* What to produce
An exact copy is required of every line from the one with "ram navami 2022 start date and end date" through the end of the data below, and the pictures must stay out of it.

────

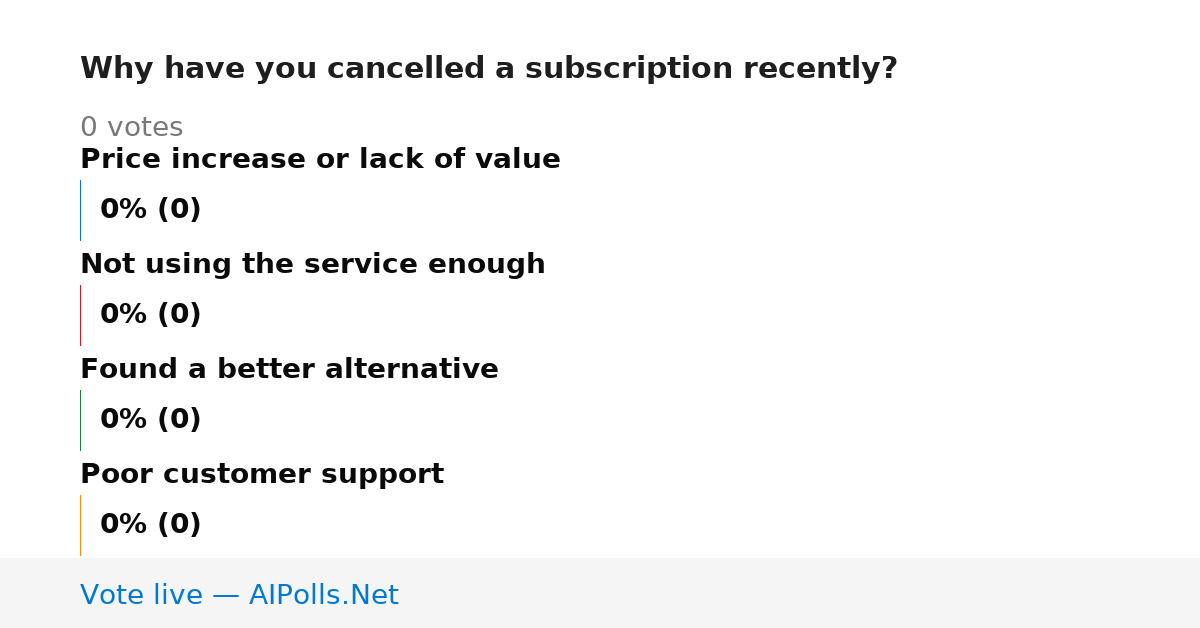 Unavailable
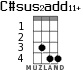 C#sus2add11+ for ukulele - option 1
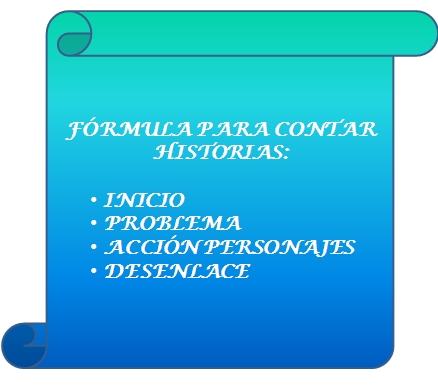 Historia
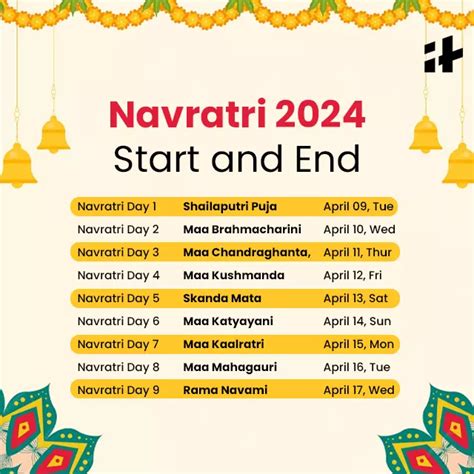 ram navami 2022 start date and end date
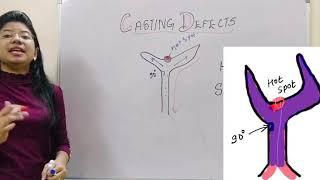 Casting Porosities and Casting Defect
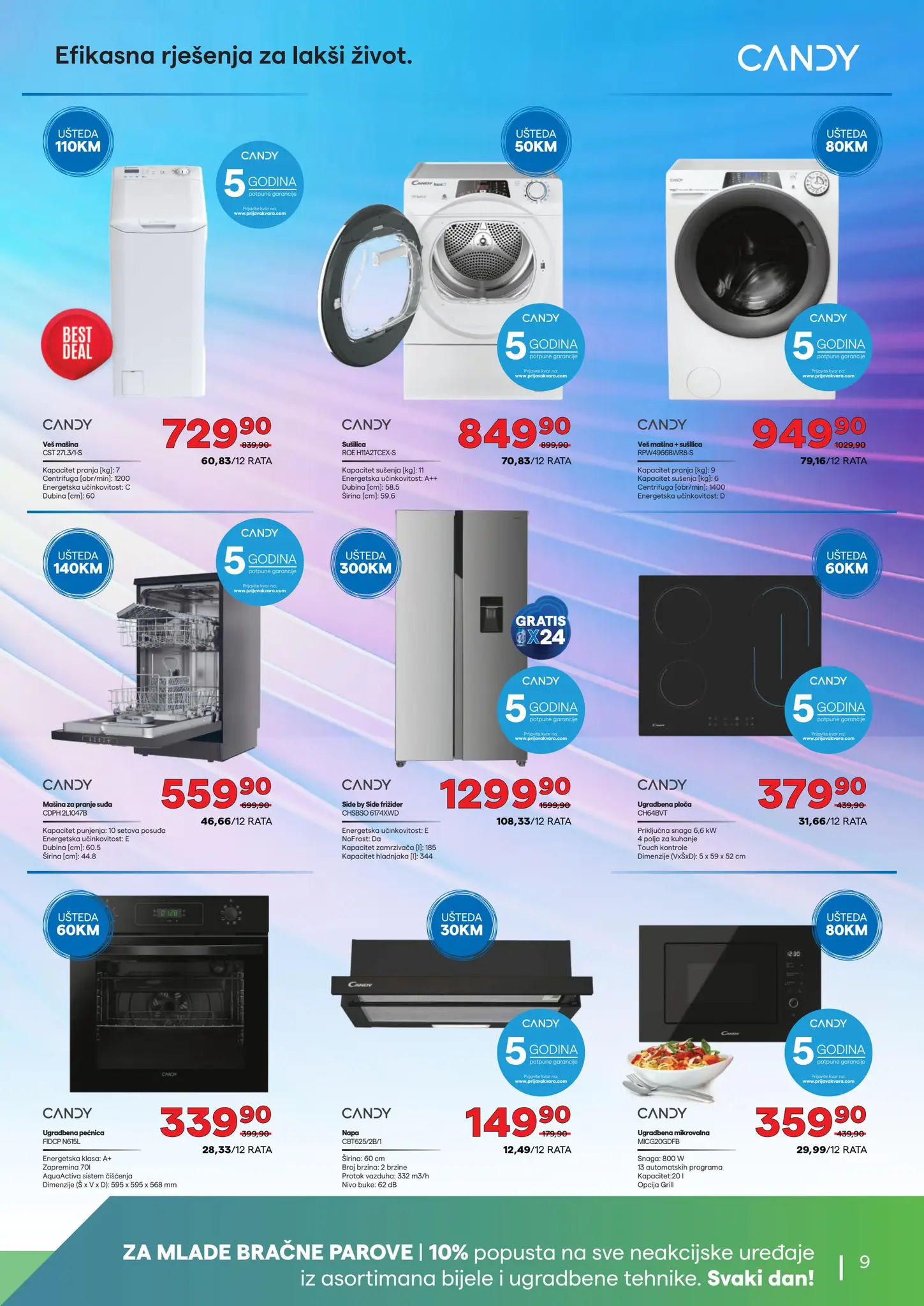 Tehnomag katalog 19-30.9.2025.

────

* Reply
 ram navami 2022 start date and end date
 Casting Porosities and Casting Defect
 Tehnomag katalog 19-30.9.2025.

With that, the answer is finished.